Work order: Write out the entries below exactly. End with the line that contains "Danube Home Indoor/Outdoor".

Source information:
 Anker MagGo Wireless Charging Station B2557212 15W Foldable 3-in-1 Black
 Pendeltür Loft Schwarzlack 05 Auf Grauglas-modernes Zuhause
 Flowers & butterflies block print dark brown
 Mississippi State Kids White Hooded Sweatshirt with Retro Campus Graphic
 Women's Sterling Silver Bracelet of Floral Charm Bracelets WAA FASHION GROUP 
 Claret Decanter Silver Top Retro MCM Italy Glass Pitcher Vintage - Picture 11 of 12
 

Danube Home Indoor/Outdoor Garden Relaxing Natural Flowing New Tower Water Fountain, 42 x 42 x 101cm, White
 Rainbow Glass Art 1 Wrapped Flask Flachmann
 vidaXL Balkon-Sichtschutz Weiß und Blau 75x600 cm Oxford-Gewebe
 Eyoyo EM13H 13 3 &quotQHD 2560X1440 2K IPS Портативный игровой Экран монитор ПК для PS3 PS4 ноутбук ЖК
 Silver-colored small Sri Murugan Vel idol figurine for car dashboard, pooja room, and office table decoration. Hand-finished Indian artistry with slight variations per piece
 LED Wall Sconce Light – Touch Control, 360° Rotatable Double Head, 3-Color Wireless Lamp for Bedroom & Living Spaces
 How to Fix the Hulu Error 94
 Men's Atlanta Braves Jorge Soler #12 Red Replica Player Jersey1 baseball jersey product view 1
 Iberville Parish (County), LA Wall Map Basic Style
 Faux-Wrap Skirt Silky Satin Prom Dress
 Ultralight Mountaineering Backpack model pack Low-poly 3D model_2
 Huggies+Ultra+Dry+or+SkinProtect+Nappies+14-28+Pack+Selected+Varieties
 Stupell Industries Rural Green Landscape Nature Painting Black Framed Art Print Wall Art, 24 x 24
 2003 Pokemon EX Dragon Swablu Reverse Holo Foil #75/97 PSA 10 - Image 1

Solved exercise:
 Anker MagGo Wireless Charging Station B2557212 15W Foldable 3-in-1 Black
 Pendeltür Loft Schwarzlack 05 Auf Grauglas-modernes Zuhause
 Flowers & butterflies block print dark brown
 Mississippi State Kids White Hooded Sweatshirt with Retro Campus Graphic
 Women's Sterling Silver Bracelet of Floral Charm Bracelets WAA FASHION GROUP 
 Claret Decanter Silver Top Retro MCM Italy Glass Pitcher Vintage - Picture 11 of 12
 

Danube Home Indoor/Outdoor Garden Relaxing Natural Flowing New Tower Water Fountain, 42 x 42 x 101cm, White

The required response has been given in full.